== Segment start ==
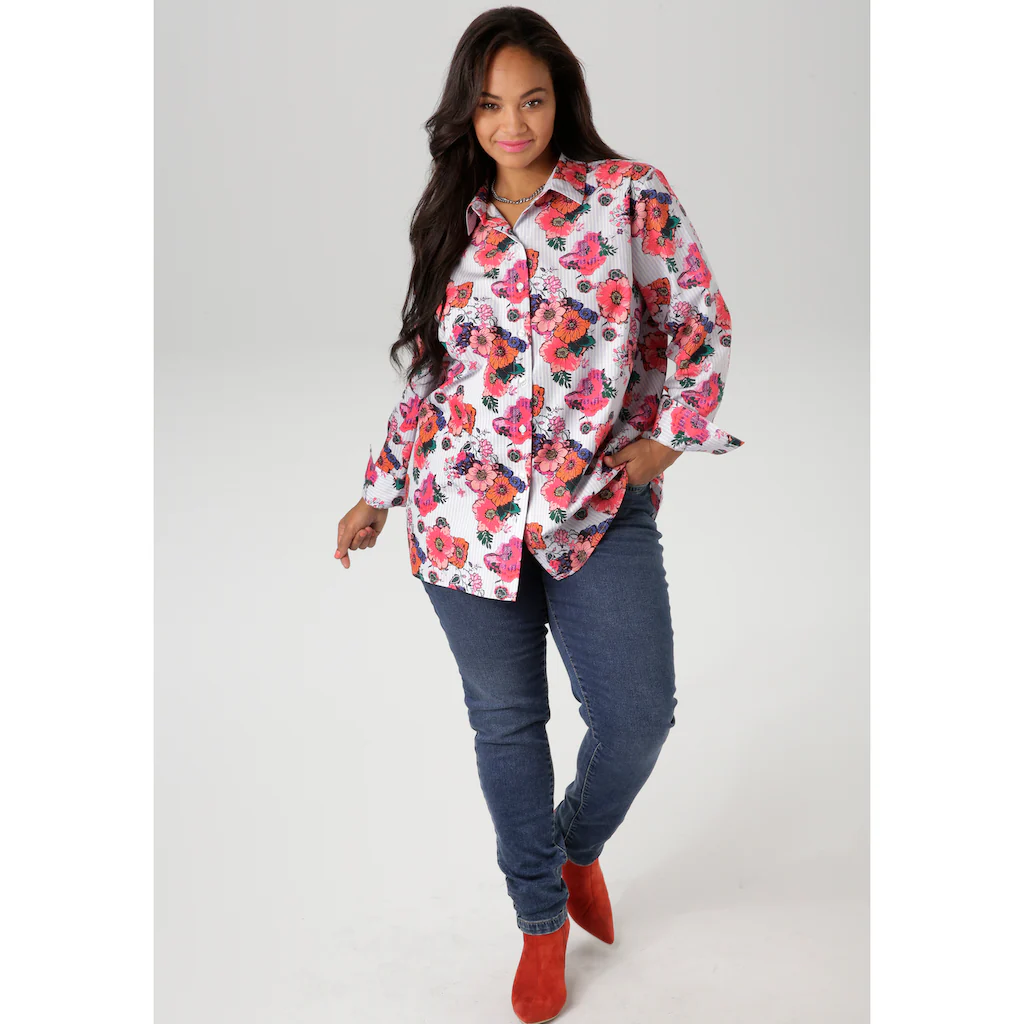 Aniston PLUS Hemdbluse Mit Trendigem Blumedruck - NEUE KOLLEKTION
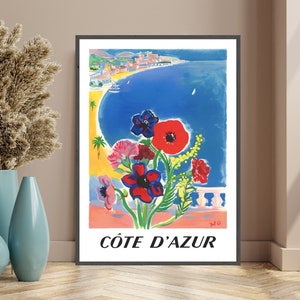 Côte d'Azur Poster, Travel Poster, French Riviera, Saint-Tropez, Cannes Print, Seascape Print, Mediterranean Coast, Beach Wall Decor, Flower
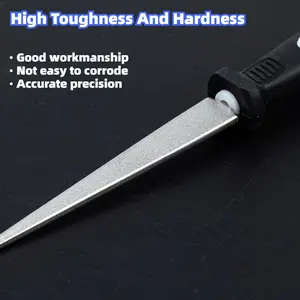1Pc Premium Double Sided Diamond Sharpening Stone, Flat & Arc Dual Use Whetstone, Portable Durable Sharpening Tool for Knives Scissors Garden Outdoor Hunting Tools
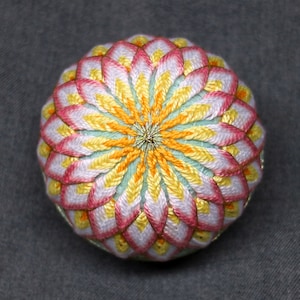 3.0 Inch Diameter Japanese Temari Ball (Embroidered Ornamental Ball), Light Pink-Edged White Floral Pattern on Mint Green Ball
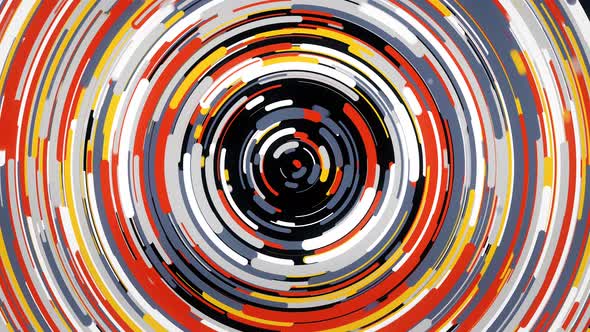 Futuristic background with many colorful lines forming a ring and flowing slowly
== Segment end ==
#### [Exercise requirements]
Working from the records above, reproduce exactly the lines from the one with "3.0 Inch Diameter" through the last line, without the pictures.

#### [Reply]
 3.0 Inch Diameter Japanese Temari Ball (Embroidered Ornamental Ball), Light Pink-Edged White Floral Pattern on Mint Green Ball
 Futuristic background with many colorful lines forming a ring and flowing slowly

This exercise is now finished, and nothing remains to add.